Problems with the Common Core explained

by David Safier

Anthony Cody, a blogger at Education Week and one of the founders of The Network for Public Education along with Diane Ravitch (and Tucson's own Robin Hiller) has written the best analysis of the problems with the Common Core I've read. First he wrote Common Core Standards: Ten Colossal Errors, a long but readable breakdown of some of the weaknesses inherent in the concept. He asked people to find errors in his analysis. No one did, but naturally, some people disagreed with his conclusions. So he followed up with The Door We Open When We Defeat the Common Core.

I won't try to excerpt what he's written. This is for educators and others who are seriously interested in the Common Core, and pulling it apart would weaken what he has to say. I hope his posts aren't hidden behind a fire wall (most of the Education Week website is subscription only), because what Cody has written should be widely read.

One response to “Problems with the Common Core explained

  1. Cody is no heavyweight:

    Error #1: The process by which the Common Core standards were developed and adopted was undemocratic.

    Response: Are they good standards or not? Steve Jobs was a complete totalitarian yet he produced great products. Democratically produced standards have lacked quality, being both too low in expectations and too bloated in focus.

    Error #2: The Common Core State Standards violate what we know about how children develop and grow.

    Response: Absolutely no evidence behind this statement which is the opposite of the truth. Look at the algebra results in this country, 35% of our 8th graders take algebra, yet only 1% solve relatively simple prealgebra problems. The Common Core State Standards are based on the actual measured ability of our students.

    Error #3: The Common Core is inspired by a vision of market-driven innovation enabled by standardization of curriculum, tests, and ultimately, our children themselves.

    Response: This is an argument against all standards, not against Common Core State Standards. Reading by third grade, knowing your multiplication tables, developing good writing skills, these standards don’t standardize our children, they prepare our children to blossom in a thousand different directions in this great nation. Failure to achieve these standards, standardizes our children in a mold of failure.

    Error #4: The Common Core creates a rigid set of performance expectations for every grade level, and results in tightly controlled instructional timelines and curriculum.

    Response: Good schools don’t run under tightly controlled instructional timelines and curriculum. Only if you run a poor school that is incapable of actually achieving these standards.

    Error #5: The Common Core was designed to be implemented through an expanding regime of high-stakes tests, which will consume an unhealthy amount of time and money.

    This could be said of any set of standards and could be false of any set.

    Error #6: Proficiency rates on the new Common Core tests have been dramatically lower—by design.
    The false pat on the back of the previous standards did not do any favors for parents whose children depart for remediation classes in colleges and universities while stacking up college debt.

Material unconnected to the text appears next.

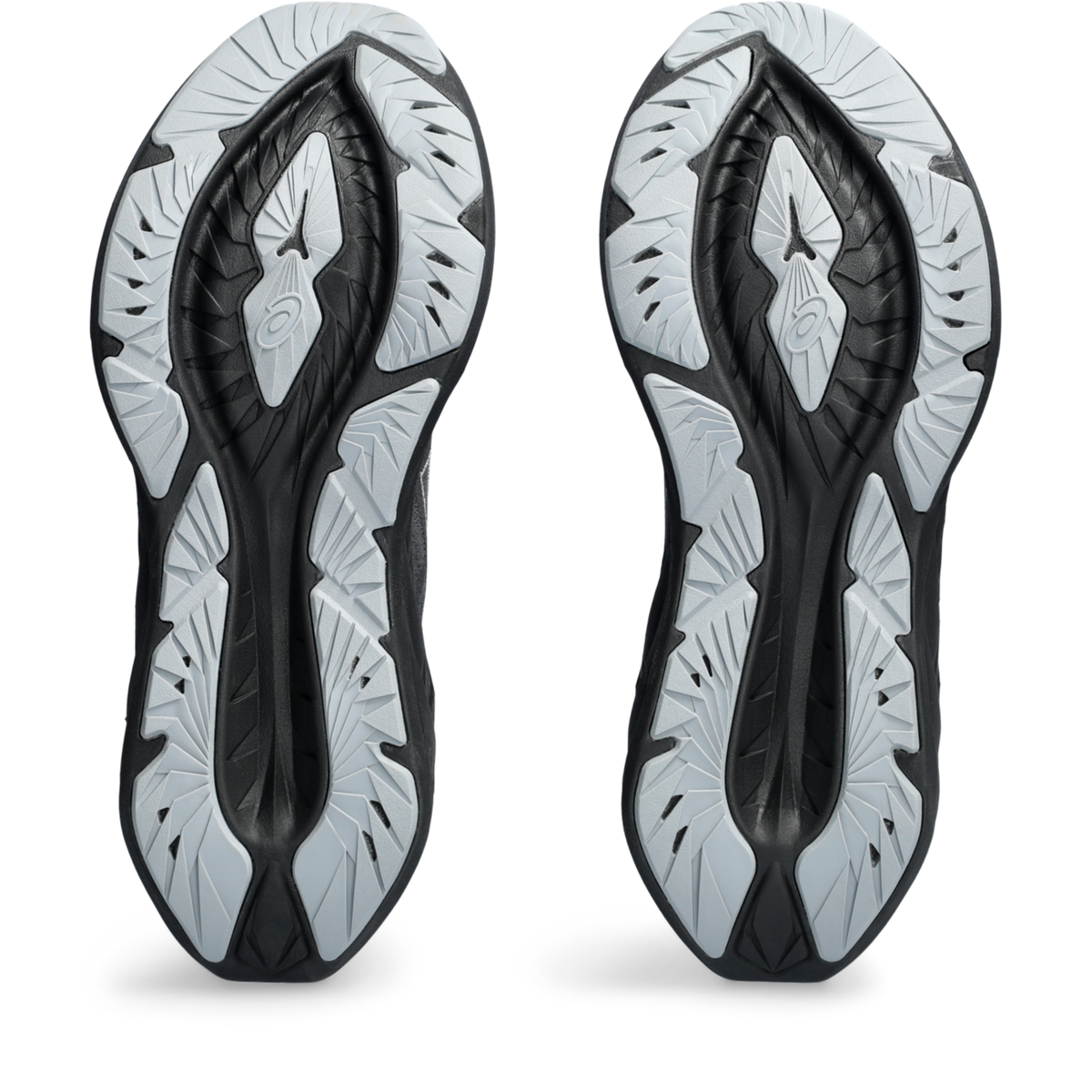 ASICS Novablast 4 Black Graphite Grey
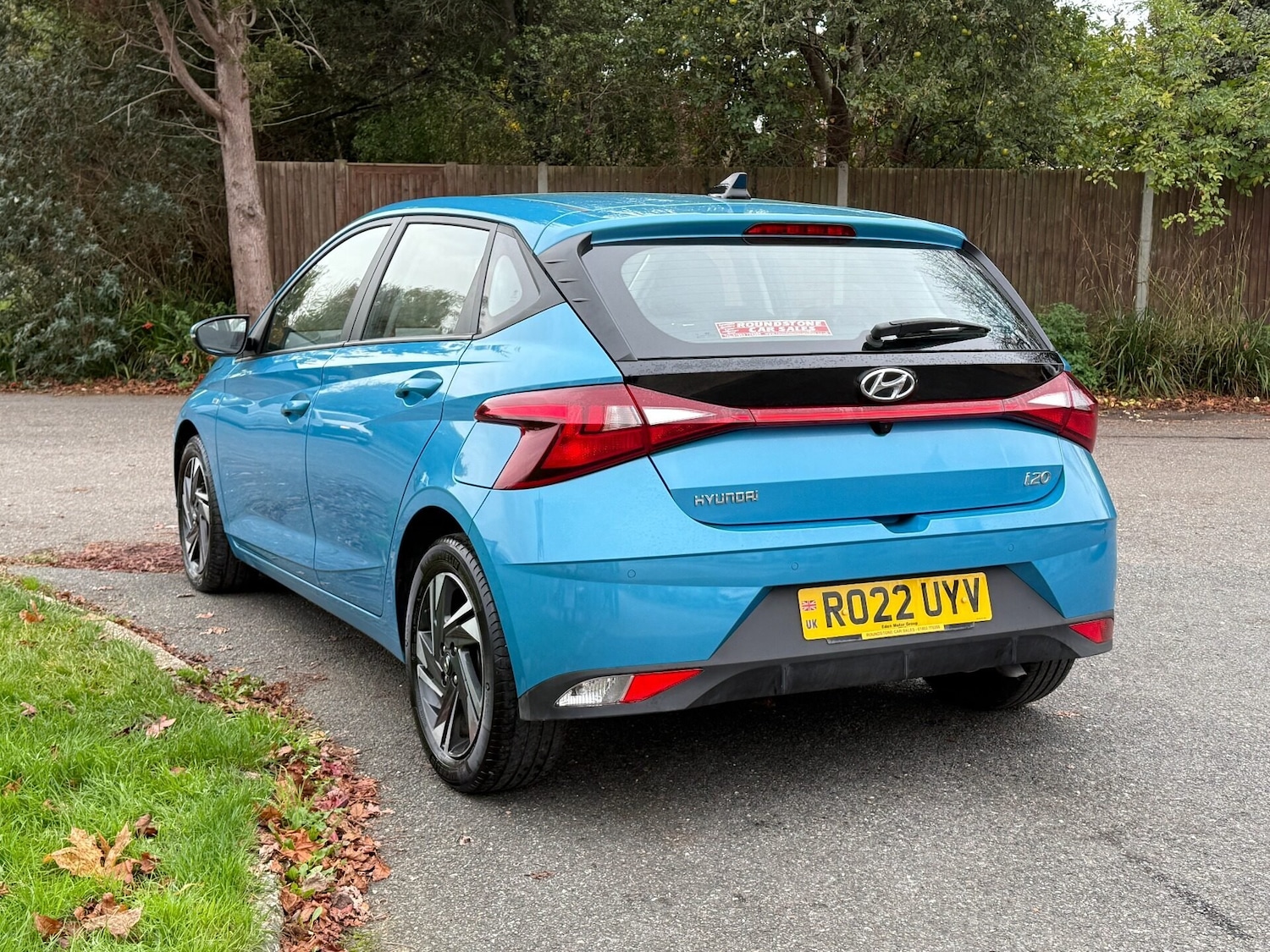 Used Hyundai i20 2022 for sale - 76613558: Photo 24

    Error #7: Common Core relies on a narrow conception of the purpose of K-12 education as “career and college readiness.”

    Preparing a student for success in Career and college is a huge accomplishment – it is unspeakable vile to besmearch such a fundamental mission of k12 education.

    Error #8: The Common Core is associated with an attempt to collect more student and teacher data than ever before.

    “is associated with” really? Many great schools are data driven as they attempt to customize teaching for each student. Often, only the data can illuminate the confusions that students are experiencing.

    Error #9: The Common Core is not based on any external evidence, has no research to support it, has never been tested, and worst of all, has no mechanism for correction.

    Common Core is based on a careful analysis of the skills that students have and the skills that students lack. Just look at the criticisms. We have tested the concept of high standards and found that they work, often spectacularly. The mechanism for correction is the same mechanism that created the standards.

    Error #10: The biggest problem of American education and American society is the growing number of children living in poverty.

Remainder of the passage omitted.